Short web captions
[Start of Attachment]

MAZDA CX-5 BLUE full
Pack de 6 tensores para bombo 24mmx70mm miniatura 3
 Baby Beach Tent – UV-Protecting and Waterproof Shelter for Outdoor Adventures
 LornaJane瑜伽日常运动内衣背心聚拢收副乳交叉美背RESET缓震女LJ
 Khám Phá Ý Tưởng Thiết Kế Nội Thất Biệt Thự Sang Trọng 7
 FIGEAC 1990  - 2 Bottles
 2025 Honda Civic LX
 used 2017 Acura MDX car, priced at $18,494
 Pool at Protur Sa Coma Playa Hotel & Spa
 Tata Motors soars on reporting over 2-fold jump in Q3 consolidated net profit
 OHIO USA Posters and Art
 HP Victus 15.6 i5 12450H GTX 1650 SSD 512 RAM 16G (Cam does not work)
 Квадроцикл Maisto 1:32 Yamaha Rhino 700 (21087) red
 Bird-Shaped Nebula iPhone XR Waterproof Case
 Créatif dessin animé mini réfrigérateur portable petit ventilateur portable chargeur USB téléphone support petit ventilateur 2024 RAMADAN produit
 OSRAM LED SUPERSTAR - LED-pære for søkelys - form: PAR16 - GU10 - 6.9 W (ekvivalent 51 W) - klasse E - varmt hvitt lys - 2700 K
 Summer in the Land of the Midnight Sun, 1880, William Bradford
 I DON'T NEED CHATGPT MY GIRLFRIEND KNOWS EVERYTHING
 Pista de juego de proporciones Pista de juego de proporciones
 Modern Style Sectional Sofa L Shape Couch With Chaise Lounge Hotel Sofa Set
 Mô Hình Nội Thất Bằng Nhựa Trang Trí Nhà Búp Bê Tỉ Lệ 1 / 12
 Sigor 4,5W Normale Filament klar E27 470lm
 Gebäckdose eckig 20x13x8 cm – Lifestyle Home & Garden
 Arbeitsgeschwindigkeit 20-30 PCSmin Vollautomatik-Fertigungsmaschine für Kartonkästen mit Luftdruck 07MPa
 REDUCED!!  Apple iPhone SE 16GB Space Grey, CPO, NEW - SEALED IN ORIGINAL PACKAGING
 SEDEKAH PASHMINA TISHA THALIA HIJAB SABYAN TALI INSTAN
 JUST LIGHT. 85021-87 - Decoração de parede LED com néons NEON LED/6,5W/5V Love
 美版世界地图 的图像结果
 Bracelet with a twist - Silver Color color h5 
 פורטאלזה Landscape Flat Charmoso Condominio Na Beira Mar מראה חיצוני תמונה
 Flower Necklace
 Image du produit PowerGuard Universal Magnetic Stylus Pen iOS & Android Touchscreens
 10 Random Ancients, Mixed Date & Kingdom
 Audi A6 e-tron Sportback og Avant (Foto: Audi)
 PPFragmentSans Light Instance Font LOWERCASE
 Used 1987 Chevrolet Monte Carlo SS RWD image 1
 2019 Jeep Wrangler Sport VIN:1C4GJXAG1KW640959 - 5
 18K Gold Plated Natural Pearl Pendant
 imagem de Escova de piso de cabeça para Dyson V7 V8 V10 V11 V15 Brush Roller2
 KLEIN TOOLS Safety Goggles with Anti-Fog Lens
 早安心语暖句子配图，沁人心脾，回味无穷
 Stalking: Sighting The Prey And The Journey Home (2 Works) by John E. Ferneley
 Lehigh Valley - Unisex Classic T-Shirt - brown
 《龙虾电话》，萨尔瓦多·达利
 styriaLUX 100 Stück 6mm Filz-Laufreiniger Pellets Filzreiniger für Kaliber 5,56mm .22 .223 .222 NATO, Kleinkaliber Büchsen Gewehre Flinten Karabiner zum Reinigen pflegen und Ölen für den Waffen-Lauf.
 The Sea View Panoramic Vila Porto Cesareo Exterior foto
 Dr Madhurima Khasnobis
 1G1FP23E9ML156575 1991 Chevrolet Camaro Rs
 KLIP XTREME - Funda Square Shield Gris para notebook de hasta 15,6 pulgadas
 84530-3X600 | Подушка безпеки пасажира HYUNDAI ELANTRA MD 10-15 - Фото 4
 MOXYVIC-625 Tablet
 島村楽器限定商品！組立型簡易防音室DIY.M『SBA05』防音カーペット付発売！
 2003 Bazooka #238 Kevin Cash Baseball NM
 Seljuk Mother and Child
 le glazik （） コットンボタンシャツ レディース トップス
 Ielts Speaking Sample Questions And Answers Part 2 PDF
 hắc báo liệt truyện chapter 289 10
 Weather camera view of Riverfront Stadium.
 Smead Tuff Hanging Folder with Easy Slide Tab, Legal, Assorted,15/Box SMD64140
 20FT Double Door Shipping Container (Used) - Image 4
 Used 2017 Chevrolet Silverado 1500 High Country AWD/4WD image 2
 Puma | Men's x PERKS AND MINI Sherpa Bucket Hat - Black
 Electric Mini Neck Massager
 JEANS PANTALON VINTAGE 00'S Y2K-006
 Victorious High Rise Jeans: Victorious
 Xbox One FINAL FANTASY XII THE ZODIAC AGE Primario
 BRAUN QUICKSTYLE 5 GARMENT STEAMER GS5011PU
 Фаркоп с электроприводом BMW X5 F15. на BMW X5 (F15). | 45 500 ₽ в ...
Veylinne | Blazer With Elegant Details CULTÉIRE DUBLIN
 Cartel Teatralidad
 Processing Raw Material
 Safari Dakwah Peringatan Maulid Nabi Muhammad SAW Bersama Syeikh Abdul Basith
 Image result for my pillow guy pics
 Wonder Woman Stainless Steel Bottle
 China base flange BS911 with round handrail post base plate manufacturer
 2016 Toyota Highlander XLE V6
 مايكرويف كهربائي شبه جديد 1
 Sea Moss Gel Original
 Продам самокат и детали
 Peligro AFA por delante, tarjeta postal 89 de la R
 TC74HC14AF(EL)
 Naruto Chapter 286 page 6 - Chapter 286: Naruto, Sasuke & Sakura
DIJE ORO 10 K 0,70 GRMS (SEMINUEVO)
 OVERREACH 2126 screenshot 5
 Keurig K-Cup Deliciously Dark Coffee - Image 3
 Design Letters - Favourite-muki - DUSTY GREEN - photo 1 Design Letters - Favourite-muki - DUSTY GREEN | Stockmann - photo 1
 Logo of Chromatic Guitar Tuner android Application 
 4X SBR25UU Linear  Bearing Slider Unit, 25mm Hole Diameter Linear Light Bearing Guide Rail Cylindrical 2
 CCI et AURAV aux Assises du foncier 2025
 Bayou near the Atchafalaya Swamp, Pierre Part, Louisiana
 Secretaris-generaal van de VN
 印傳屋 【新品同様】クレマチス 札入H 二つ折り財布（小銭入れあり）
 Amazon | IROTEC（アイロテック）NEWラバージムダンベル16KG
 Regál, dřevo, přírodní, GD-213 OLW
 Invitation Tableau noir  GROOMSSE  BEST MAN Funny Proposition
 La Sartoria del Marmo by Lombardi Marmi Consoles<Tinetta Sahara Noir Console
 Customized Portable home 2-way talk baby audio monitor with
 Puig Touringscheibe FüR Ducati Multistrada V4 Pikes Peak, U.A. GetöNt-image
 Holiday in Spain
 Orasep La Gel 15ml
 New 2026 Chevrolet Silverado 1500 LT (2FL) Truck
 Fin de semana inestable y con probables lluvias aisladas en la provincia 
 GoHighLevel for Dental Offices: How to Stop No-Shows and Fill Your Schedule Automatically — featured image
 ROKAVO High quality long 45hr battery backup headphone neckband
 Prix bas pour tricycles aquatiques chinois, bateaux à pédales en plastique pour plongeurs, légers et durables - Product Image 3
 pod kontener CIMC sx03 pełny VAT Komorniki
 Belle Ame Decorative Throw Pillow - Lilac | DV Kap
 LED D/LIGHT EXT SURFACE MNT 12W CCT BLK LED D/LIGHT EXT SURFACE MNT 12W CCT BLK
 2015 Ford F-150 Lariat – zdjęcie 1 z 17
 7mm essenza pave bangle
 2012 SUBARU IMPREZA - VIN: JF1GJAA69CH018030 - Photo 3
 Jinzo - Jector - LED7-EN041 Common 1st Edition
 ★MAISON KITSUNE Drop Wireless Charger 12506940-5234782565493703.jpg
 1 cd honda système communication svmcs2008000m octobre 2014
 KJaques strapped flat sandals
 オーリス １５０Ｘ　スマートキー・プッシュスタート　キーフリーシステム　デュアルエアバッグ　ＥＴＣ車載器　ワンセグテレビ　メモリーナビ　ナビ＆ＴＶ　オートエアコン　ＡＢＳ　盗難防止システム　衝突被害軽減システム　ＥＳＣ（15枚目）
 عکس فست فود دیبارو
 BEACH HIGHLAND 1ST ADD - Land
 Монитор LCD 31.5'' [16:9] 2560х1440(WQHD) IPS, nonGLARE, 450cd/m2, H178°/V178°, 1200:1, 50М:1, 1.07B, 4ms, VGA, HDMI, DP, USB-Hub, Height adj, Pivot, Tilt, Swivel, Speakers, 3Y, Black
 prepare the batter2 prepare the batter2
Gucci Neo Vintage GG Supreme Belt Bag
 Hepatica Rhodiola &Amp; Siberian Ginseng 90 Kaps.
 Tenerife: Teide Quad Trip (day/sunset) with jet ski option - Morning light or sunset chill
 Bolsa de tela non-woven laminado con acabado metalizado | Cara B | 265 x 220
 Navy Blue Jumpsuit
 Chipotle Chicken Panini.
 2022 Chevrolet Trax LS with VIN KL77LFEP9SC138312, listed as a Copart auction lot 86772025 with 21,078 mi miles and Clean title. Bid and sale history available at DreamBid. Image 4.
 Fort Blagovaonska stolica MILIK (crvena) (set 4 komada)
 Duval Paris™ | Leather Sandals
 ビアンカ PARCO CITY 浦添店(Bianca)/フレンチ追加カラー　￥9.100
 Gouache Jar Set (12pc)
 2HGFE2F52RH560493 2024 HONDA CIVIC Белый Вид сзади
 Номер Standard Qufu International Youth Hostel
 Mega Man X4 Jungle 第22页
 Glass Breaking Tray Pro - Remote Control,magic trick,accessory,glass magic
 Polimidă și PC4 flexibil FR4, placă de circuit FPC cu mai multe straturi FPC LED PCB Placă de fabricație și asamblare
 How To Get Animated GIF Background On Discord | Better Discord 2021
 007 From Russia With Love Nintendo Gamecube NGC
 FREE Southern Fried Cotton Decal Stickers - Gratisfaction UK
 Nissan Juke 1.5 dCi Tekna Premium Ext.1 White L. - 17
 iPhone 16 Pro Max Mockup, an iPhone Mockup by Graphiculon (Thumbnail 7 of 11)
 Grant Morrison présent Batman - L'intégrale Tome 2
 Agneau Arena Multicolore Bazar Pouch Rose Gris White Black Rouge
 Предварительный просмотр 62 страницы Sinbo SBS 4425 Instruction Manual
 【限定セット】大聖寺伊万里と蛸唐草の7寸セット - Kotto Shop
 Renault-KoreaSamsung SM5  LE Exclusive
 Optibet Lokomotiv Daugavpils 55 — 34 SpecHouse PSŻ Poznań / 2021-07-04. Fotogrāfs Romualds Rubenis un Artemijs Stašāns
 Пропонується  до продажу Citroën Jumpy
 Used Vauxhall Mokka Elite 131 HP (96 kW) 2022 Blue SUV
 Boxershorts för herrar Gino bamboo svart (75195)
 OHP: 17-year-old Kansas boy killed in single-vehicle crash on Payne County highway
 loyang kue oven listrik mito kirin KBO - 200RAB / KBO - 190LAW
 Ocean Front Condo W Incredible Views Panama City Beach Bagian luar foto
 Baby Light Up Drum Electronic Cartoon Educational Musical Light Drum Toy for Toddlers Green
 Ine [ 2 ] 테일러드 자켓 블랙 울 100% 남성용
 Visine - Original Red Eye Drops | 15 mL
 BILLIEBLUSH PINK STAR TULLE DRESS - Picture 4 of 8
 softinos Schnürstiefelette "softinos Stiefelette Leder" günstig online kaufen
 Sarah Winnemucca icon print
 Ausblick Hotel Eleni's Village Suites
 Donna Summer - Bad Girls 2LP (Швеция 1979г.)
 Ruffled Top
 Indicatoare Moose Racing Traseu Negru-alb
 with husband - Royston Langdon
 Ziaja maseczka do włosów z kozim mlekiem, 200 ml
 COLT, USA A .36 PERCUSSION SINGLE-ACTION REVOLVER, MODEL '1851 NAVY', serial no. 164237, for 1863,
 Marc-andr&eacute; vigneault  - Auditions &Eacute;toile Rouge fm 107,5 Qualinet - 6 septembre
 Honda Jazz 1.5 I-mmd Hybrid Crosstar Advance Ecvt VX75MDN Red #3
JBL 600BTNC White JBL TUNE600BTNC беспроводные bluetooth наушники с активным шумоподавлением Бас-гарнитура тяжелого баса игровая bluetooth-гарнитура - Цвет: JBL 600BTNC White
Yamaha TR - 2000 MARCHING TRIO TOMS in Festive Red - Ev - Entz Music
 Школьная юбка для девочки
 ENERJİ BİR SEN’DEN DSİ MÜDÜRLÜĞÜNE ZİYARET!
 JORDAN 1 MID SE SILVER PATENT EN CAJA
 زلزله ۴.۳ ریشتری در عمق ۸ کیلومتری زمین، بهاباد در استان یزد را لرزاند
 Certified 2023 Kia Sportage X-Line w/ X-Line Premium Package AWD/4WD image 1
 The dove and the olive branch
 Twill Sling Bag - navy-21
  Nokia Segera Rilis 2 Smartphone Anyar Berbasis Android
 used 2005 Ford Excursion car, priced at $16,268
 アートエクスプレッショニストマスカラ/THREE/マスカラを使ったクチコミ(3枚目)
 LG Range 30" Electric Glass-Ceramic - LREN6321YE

[End of Attachment]

ACTIVITY:
All lines in the data above from the one with "Cartel Teatralidad" through the one with "DIJE ORO 10 K 0,70 GRMS (SEMINUEVO)" must be repeated exactly, and no others.

SOLUTION FOR THIS TASK:
 Cartel Teatralidad
 Processing Raw Material
 Safari Dakwah Peringatan Maulid Nabi Muhammad SAW Bersama Syeikh Abdul Basith
 Image result for my pillow guy pics
 Wonder Woman Stainless Steel Bottle
 China base flange BS911 with round handrail post base plate manufacturer
 2016 Toyota Highlander XLE V6
 مايكرويف كهربائي شبه جديد 1
 Sea Moss Gel Original
 Продам самокат и детали
 Peligro AFA por delante, tarjeta postal 89 de la R
 TC74HC14AF(EL)
 Naruto Chapter 286 page 6 - Chapter 286: Naruto, Sasuke & Sakura
DIJE ORO 10 K 0,70 GRMS (SEMINUEVO)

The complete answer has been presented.